Start of Block

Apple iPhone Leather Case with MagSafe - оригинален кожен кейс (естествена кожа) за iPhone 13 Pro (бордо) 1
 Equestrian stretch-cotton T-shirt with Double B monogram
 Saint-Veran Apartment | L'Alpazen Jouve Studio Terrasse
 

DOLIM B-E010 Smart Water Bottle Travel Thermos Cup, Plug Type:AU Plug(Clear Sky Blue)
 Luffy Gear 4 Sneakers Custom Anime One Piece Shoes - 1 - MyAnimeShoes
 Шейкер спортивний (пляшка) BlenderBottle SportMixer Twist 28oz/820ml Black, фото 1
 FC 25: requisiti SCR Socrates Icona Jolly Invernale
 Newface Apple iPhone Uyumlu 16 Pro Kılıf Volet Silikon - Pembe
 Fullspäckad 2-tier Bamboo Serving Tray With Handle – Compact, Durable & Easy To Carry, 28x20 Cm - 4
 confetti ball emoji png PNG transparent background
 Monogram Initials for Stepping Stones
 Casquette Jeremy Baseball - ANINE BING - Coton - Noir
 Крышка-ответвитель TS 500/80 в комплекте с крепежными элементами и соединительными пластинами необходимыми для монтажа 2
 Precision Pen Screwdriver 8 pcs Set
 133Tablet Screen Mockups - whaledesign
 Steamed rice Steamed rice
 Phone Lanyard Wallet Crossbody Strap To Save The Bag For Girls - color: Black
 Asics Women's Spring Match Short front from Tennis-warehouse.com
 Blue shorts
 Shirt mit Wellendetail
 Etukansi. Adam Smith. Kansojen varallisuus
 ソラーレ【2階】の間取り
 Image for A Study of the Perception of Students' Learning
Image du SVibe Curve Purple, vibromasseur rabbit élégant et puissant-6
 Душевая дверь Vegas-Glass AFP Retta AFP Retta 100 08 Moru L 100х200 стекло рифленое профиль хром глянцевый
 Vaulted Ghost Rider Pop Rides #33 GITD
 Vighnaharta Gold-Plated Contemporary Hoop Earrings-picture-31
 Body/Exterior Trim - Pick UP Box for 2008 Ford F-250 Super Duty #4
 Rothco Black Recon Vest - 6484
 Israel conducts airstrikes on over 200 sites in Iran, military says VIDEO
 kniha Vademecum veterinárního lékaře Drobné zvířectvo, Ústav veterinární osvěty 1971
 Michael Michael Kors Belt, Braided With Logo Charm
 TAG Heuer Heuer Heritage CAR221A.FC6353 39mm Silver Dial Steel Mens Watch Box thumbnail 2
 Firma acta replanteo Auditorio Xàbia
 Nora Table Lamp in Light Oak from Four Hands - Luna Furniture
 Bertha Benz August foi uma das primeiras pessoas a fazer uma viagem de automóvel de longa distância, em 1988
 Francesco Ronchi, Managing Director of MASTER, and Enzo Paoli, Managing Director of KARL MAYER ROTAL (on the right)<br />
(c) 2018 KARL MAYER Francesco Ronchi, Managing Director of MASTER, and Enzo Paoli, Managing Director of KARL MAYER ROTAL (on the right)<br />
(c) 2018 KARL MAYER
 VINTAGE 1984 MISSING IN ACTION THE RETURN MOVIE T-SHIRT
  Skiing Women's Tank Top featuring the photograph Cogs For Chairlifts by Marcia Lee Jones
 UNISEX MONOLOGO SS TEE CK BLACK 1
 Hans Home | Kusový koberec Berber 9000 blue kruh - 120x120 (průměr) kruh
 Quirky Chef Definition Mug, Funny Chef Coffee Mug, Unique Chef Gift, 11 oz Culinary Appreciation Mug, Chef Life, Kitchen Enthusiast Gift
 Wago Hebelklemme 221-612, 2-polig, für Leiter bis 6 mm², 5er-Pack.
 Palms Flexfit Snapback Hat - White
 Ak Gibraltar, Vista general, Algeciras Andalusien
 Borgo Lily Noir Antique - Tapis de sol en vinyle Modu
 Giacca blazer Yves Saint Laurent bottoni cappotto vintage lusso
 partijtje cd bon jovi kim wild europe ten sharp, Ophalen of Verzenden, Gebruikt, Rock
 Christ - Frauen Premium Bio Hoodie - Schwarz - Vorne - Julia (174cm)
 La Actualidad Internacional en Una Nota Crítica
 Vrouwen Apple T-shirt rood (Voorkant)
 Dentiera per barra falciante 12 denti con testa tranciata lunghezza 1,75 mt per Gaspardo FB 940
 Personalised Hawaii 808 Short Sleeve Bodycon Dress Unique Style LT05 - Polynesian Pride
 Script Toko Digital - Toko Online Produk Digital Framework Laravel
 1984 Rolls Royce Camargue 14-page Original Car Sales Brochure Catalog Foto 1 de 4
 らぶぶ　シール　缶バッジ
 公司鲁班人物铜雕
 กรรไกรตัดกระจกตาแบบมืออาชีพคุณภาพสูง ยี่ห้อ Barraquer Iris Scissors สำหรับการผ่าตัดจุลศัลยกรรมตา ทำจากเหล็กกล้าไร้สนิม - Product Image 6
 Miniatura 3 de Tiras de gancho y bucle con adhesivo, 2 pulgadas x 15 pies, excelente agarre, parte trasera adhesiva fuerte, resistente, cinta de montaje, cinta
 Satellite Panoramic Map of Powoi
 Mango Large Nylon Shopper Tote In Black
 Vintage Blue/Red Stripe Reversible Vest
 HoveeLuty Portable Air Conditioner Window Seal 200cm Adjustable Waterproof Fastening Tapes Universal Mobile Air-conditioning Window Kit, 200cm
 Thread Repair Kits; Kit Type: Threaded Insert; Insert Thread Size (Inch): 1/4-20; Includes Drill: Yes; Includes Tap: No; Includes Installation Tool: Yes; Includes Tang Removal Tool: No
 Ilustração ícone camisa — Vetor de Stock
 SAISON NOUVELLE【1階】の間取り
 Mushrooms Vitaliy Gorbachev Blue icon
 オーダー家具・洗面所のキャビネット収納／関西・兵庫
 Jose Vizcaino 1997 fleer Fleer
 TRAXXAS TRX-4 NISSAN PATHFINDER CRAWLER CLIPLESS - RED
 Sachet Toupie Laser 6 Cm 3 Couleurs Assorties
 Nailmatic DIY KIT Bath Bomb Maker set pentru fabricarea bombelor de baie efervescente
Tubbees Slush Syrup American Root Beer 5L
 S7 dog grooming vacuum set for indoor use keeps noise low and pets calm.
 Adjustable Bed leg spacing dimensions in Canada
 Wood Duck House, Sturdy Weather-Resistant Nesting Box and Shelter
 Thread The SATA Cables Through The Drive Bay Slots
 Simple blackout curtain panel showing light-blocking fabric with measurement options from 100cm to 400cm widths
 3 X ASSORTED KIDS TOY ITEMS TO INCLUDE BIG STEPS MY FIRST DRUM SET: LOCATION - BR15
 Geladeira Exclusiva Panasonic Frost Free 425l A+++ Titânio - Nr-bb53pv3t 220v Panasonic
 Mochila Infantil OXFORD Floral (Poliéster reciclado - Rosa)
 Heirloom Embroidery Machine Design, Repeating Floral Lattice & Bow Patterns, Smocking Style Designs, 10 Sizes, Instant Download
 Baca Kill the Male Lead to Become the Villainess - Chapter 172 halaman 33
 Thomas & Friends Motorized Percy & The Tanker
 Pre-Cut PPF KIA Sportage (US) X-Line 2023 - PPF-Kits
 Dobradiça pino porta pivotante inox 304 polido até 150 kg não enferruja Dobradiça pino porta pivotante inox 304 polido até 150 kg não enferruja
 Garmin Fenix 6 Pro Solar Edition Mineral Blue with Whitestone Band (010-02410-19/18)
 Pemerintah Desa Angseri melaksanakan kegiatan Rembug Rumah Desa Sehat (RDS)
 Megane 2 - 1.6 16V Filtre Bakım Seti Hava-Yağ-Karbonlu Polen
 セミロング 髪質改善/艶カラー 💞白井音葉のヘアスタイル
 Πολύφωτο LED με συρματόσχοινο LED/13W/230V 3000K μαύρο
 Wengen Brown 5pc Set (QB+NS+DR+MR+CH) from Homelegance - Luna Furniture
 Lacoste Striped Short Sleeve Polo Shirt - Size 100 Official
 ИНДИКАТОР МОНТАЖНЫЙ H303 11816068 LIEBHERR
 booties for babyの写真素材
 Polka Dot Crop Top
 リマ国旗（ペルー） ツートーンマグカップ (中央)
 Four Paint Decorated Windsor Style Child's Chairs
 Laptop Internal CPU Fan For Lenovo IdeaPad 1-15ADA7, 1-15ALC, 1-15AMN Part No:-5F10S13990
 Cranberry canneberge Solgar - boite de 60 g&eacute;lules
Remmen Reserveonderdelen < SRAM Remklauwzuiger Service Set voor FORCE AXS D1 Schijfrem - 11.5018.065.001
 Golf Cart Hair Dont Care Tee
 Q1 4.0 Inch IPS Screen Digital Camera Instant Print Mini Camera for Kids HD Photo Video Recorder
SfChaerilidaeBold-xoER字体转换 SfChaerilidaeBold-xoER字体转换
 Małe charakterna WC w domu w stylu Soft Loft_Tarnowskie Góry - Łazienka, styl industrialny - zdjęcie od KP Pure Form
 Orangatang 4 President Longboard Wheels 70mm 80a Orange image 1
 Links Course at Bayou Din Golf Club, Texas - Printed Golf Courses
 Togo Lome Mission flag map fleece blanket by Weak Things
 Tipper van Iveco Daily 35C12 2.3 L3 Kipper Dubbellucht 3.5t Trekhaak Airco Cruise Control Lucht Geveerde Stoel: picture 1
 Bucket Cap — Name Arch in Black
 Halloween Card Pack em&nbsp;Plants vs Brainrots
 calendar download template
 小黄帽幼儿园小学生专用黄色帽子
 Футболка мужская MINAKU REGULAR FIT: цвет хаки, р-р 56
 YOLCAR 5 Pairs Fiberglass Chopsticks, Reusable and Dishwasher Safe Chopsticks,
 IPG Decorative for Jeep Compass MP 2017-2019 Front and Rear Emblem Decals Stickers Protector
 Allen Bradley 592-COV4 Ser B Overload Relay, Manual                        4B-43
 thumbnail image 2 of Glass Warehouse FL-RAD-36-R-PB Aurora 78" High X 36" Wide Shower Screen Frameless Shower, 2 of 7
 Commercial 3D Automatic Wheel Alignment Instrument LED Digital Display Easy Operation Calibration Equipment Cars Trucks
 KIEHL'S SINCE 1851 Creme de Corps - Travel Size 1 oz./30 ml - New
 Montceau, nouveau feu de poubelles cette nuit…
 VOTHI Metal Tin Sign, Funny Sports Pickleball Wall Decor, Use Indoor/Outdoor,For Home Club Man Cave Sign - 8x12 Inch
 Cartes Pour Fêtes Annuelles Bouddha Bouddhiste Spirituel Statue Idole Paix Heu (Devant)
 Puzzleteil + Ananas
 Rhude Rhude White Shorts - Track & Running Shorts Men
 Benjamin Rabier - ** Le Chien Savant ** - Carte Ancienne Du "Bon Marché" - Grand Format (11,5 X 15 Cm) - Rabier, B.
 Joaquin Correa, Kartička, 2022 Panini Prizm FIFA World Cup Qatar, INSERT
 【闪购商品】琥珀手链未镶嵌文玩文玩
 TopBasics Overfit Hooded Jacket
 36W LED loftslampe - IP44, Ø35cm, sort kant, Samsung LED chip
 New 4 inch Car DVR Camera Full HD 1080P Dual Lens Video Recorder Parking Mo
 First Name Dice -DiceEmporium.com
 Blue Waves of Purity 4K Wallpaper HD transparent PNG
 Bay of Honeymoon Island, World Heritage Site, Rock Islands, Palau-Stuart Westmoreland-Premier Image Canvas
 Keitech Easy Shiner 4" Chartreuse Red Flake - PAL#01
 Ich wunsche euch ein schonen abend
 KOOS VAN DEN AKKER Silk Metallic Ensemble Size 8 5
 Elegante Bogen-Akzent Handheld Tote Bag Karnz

End of Block

■ YOUR ASSIGNMENT
Only one span is wanted. It runs from the first line of the listing through the line with "Fullspäckad 2-tier Bamboo", and each line must match exactly.

■ EXERCISE RESPONSE
Apple iPhone Leather Case with MagSafe - оригинален кожен кейс (естествена кожа) за iPhone 13 Pro (бордо) 1
 Equestrian stretch-cotton T-shirt with Double B monogram
 Saint-Veran Apartment | L'Alpazen Jouve Studio Terrasse
 

DOLIM B-E010 Smart Water Bottle Travel Thermos Cup, Plug Type:AU Plug(Clear Sky Blue)
 Luffy Gear 4 Sneakers Custom Anime One Piece Shoes - 1 - MyAnimeShoes
 Шейкер спортивний (пляшка) BlenderBottle SportMixer Twist 28oz/820ml Black, фото 1
 FC 25: requisiti SCR Socrates Icona Jolly Invernale
 Newface Apple iPhone Uyumlu 16 Pro Kılıf Volet Silikon - Pembe
 Fullspäckad 2-tier Bamboo Serving Tray With Handle – Compact, Durable & Easy To Carry, 28x20 Cm - 4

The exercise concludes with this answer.